(Reuters) - Two more individuals claiming to be relatives of the late pop star Prince came forward on Wednesday to seek a piece of the musician's estate.
Lawyers for Brianna Nelson, 31, identified as a niece of Prince, and an 11-year-old girl identified as his grandniece and her initials "V.N." in court documents, filed papers in Minnesota probate court asserting they are among his heirs.
Both claim to be surviving descendants of Prince - born Prince Rogers Nelson - as daughter and granddaughter to his late half-brother, Duane Nelson Sr., who once headed Prince's security detail and died in 2011.
Their court motion states that Duane Nelson Sr., was omitted from a list of six siblings and half-siblings documented in the original probate petition filed by Prince's sister, Tyka Nelson, in late April.
If Prince left no will and no surviving offspring of his own, as Tyka Nelson has claimed, then his estate under Minnesota law would be apportioned in equal shares to his siblings and the nearest surviving descendents of any siblings now dead, according to the filing. Siblings, half-siblings and their descendants are treated the same, it said.
Since Duane Nelson Sr. is dead, his inheritance would pass to his two children, Brianna Nelson and Duane Nelson Jr.
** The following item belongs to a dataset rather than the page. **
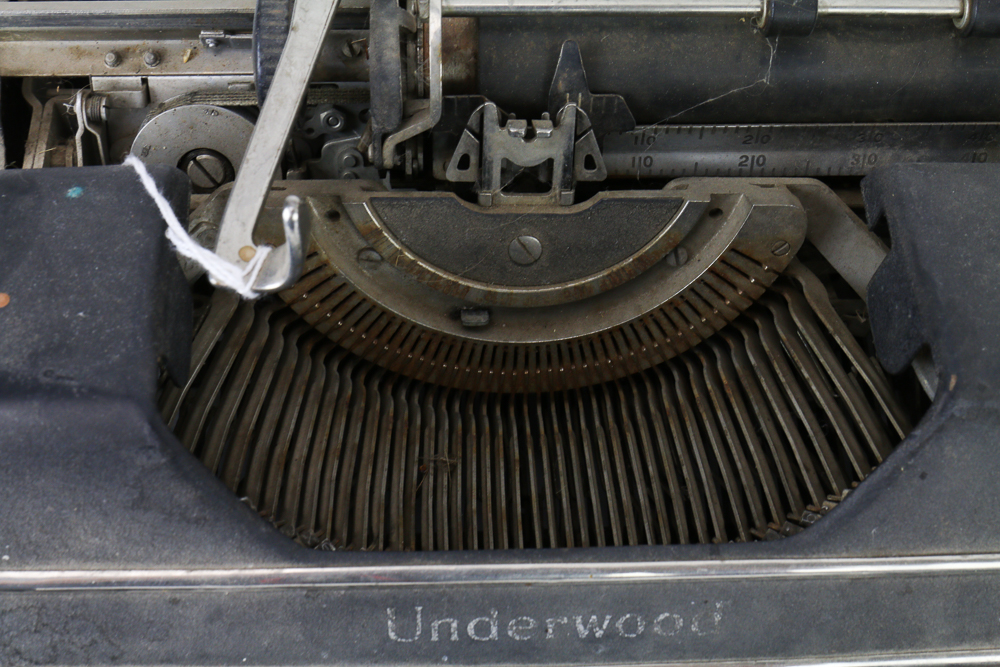 Pair of Vintage Typewriters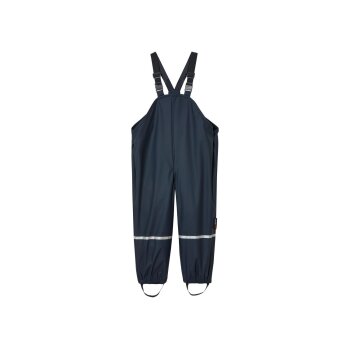 lupilu® Baby Kleinkinder Matsch- und Buddel-Latzhose, wind- und wasserdicht (Marine, 86/92) - B-Ware neuwertig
But because Duane Nelson Jr. died in 2005, his share would pass to his lone surviving child, the 11-year-old V.N., the court motion said.
That line of succession has already been cast into doubt by a Prince paternity claim brought by a federal prison inmate in Colorado last week attesting that he is the musician's biological son.
The claimant, Carlin Q. Williams, 39, asserts he was sired by Prince during a tryst his mother had with the singer in a Kansas City hotel room in 1976. He has sought a court order for genetic testing of DNA samples obtained from the late music star and a comparison with his own.
Questions about Prince's estate have loomed since he was found dead at age 57 at his Minnesota home and studio complex in April.
The value of his music catalog - potential licensing fees, royalties and sales from more than 30 albums he produced during his lifetime and a purported vault of unreleased material - has been estimated at more than $500 million.